Through the end of the data below, output every line exactly, beginning with the line that contains "Contrast Binding Triangle".

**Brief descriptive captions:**
━━━━
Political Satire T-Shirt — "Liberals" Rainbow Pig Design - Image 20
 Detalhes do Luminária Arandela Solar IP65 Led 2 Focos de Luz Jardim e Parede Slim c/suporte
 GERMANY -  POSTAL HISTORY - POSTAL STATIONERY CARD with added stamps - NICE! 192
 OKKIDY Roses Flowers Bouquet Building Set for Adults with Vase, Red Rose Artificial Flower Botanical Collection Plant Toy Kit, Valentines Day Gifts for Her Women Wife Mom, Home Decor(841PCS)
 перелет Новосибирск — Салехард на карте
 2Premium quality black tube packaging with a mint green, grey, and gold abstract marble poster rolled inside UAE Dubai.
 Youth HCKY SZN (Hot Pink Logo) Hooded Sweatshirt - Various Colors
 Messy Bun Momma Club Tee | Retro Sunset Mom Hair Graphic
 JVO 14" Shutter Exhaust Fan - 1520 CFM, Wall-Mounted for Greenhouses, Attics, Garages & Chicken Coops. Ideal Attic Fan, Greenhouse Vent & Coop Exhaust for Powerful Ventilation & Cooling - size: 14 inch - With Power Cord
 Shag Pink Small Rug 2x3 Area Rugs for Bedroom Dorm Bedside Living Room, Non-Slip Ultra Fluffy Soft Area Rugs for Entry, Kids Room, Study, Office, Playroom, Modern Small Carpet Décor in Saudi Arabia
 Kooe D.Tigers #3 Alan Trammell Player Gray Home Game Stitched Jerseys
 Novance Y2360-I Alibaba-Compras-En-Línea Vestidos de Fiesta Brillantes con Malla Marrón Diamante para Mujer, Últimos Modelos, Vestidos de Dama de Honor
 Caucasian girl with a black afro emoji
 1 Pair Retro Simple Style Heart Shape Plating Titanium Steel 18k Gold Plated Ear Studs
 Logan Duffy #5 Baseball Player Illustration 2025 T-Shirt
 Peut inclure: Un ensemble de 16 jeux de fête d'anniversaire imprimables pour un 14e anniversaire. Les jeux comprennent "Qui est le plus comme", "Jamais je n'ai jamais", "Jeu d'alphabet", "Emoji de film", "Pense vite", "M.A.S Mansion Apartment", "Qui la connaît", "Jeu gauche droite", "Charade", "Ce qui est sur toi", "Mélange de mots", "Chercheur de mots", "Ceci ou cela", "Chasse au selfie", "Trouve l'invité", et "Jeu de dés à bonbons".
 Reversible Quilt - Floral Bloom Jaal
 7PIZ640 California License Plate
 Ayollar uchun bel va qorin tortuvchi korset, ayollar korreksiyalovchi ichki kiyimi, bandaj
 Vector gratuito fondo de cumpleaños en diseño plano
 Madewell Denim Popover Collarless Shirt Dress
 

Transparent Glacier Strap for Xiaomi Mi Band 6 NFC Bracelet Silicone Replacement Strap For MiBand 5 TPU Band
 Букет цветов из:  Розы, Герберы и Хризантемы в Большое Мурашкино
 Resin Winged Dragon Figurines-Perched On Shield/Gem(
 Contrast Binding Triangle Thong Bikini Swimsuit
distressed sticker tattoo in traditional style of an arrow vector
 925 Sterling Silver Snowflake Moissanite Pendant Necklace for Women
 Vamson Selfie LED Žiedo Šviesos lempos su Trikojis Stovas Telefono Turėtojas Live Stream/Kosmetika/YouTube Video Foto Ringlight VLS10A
━━━━
**Exercise solution:**
 Contrast Binding Triangle Thong Bikini Swimsuit
distressed sticker tattoo in traditional style of an arrow vector
 925 Sterling Silver Snowflake Moissanite Pendant Necklace for Women
 Vamson Selfie LED Žiedo Šviesos lempos su Trikojis Stovas Telefono Turėtojas Live Stream/Kosmetika/YouTube Video Foto Ringlight VLS10A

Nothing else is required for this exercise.